TASK GOAL:
Every line in the data below from the one containing "105 Jakes Pl, Weatherford, OK 73096" down to the one containing "怪兽汽车翻新地址,怪兽修车翻新奥迪q7", both included, must be retyped exactly; no other line is to appear.

Stored data entries
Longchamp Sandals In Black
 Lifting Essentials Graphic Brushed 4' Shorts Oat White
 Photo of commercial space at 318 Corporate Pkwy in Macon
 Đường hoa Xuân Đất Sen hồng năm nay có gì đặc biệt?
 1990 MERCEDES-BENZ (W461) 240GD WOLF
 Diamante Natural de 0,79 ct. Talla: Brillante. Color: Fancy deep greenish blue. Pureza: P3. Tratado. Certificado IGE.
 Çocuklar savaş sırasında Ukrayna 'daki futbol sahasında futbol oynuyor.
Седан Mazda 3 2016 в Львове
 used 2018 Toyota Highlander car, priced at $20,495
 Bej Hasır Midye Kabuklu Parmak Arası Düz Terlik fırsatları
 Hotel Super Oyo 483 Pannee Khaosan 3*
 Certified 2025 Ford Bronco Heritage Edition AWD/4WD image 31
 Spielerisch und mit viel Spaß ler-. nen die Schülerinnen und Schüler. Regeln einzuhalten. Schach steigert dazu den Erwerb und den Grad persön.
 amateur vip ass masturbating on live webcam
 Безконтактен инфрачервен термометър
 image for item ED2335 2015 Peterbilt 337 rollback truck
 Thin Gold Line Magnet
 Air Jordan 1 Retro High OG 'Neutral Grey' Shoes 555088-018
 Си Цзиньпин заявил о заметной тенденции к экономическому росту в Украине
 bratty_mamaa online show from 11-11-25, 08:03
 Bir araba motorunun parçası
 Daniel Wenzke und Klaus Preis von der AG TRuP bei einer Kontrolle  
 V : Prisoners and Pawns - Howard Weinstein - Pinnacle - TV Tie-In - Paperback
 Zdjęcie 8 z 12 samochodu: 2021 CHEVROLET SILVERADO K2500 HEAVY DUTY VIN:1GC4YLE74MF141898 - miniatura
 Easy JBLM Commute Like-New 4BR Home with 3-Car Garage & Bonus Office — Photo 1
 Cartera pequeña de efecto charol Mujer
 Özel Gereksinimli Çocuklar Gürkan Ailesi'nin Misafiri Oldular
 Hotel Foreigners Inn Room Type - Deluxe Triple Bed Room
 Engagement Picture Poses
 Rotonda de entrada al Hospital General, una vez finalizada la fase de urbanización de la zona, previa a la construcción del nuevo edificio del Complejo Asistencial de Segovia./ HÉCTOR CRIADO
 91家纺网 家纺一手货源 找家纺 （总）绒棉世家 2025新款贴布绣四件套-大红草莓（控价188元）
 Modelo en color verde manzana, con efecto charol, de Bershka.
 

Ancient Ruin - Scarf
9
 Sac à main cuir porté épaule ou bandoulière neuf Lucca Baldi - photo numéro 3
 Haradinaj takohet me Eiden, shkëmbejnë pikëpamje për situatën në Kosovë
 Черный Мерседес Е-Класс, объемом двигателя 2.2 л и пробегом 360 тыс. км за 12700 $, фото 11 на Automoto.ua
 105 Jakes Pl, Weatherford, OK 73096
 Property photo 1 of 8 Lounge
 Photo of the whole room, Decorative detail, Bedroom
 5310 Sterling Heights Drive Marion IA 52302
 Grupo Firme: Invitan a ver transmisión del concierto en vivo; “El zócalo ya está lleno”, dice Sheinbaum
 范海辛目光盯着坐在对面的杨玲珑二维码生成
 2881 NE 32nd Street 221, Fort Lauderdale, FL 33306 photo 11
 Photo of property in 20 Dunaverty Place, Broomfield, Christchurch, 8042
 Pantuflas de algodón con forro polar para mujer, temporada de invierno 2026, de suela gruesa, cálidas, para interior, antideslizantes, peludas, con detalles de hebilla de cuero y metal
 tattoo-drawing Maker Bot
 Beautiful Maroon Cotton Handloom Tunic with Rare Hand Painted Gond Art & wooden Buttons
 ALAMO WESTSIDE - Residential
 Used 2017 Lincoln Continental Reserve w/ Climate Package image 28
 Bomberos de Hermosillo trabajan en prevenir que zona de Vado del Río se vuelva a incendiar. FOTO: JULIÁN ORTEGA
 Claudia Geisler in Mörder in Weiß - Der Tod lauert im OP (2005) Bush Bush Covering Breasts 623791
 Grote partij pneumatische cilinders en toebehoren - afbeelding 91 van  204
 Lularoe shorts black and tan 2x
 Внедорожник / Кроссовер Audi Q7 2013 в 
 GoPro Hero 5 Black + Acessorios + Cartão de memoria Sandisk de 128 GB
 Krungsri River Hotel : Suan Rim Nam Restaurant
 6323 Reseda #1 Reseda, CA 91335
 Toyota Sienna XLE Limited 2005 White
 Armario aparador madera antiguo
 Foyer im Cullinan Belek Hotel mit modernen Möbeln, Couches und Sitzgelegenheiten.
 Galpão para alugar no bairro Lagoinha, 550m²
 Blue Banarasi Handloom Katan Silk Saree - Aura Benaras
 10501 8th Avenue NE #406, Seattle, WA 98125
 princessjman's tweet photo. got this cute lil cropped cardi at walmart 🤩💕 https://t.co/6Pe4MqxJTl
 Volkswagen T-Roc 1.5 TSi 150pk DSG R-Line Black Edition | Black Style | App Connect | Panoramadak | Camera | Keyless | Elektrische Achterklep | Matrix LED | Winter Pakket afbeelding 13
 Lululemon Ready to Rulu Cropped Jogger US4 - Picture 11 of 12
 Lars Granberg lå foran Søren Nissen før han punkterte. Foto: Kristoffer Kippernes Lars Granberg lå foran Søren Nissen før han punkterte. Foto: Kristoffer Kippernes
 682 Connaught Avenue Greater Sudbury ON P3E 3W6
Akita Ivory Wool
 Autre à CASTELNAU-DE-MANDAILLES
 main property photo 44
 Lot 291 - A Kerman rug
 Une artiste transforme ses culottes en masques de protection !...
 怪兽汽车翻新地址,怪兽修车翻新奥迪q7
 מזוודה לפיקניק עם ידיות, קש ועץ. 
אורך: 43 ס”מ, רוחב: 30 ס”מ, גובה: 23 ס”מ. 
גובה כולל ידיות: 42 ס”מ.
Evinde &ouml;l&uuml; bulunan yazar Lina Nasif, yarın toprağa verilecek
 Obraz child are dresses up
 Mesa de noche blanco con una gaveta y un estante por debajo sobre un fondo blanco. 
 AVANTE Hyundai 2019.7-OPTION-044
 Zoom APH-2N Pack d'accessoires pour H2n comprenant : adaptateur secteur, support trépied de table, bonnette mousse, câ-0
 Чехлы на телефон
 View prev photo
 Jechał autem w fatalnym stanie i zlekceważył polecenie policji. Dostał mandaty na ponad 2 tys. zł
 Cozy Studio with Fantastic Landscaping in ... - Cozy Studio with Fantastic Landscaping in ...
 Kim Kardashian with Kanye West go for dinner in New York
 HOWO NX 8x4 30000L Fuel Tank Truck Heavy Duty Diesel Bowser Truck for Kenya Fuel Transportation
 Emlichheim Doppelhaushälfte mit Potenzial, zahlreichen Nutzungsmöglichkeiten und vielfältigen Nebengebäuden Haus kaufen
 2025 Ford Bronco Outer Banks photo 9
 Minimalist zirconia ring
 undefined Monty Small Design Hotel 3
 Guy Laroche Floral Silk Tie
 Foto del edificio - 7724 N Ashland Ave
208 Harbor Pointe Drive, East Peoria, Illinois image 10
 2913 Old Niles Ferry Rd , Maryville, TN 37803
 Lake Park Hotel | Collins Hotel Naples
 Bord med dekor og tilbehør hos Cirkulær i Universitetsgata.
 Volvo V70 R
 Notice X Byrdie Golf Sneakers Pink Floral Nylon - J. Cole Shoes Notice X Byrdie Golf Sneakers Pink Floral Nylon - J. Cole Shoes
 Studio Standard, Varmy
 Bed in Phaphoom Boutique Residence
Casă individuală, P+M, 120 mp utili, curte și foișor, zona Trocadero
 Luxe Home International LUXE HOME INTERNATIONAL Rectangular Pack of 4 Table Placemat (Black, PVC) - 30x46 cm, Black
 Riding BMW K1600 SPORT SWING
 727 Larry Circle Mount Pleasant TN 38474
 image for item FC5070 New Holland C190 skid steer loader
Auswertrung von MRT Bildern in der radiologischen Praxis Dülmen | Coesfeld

ANSWER TO THE PROBLEM:
 105 Jakes Pl, Weatherford, OK 73096
 Property photo 1 of 8 Lounge
 Photo of the whole room, Decorative detail, Bedroom
 5310 Sterling Heights Drive Marion IA 52302
 Grupo Firme: Invitan a ver transmisión del concierto en vivo; “El zócalo ya está lleno”, dice Sheinbaum
 范海辛目光盯着坐在对面的杨玲珑二维码生成
 2881 NE 32nd Street 221, Fort Lauderdale, FL 33306 photo 11
 Photo of property in 20 Dunaverty Place, Broomfield, Christchurch, 8042
 Pantuflas de algodón con forro polar para mujer, temporada de invierno 2026, de suela gruesa, cálidas, para interior, antideslizantes, peludas, con detalles de hebilla de cuero y metal
 tattoo-drawing Maker Bot
 Beautiful Maroon Cotton Handloom Tunic with Rare Hand Painted Gond Art & wooden Buttons
 ALAMO WESTSIDE - Residential
 Used 2017 Lincoln Continental Reserve w/ Climate Package image 28
 Bomberos de Hermosillo trabajan en prevenir que zona de Vado del Río se vuelva a incendiar. FOTO: JULIÁN ORTEGA
 Claudia Geisler in Mörder in Weiß - Der Tod lauert im OP (2005) Bush Bush Covering Breasts 623791
 Grote partij pneumatische cilinders en toebehoren - afbeelding 91 van  204
 Lularoe shorts black and tan 2x
 Внедорожник / Кроссовер Audi Q7 2013 в 
 GoPro Hero 5 Black + Acessorios + Cartão de memoria Sandisk de 128 GB
 Krungsri River Hotel : Suan Rim Nam Restaurant
 6323 Reseda #1 Reseda, CA 91335
 Toyota Sienna XLE Limited 2005 White
 Armario aparador madera antiguo
 Foyer im Cullinan Belek Hotel mit modernen Möbeln, Couches und Sitzgelegenheiten.
 Galpão para alugar no bairro Lagoinha, 550m²
 Blue Banarasi Handloom Katan Silk Saree - Aura Benaras
 10501 8th Avenue NE #406, Seattle, WA 98125
 princessjman's tweet photo. got this cute lil cropped cardi at walmart 🤩💕 https://t.co/6Pe4MqxJTl
 Volkswagen T-Roc 1.5 TSi 150pk DSG R-Line Black Edition | Black Style | App Connect | Panoramadak | Camera | Keyless | Elektrische Achterklep | Matrix LED | Winter Pakket afbeelding 13
 Lululemon Ready to Rulu Cropped Jogger US4 - Picture 11 of 12
 Lars Granberg lå foran Søren Nissen før han punkterte. Foto: Kristoffer Kippernes Lars Granberg lå foran Søren Nissen før han punkterte. Foto: Kristoffer Kippernes
 682 Connaught Avenue Greater Sudbury ON P3E 3W6
Akita Ivory Wool
 Autre à CASTELNAU-DE-MANDAILLES
 main property photo 44
 Lot 291 - A Kerman rug
 Une artiste transforme ses culottes en masques de protection !...
 怪兽汽车翻新地址,怪兽修车翻新奥迪q7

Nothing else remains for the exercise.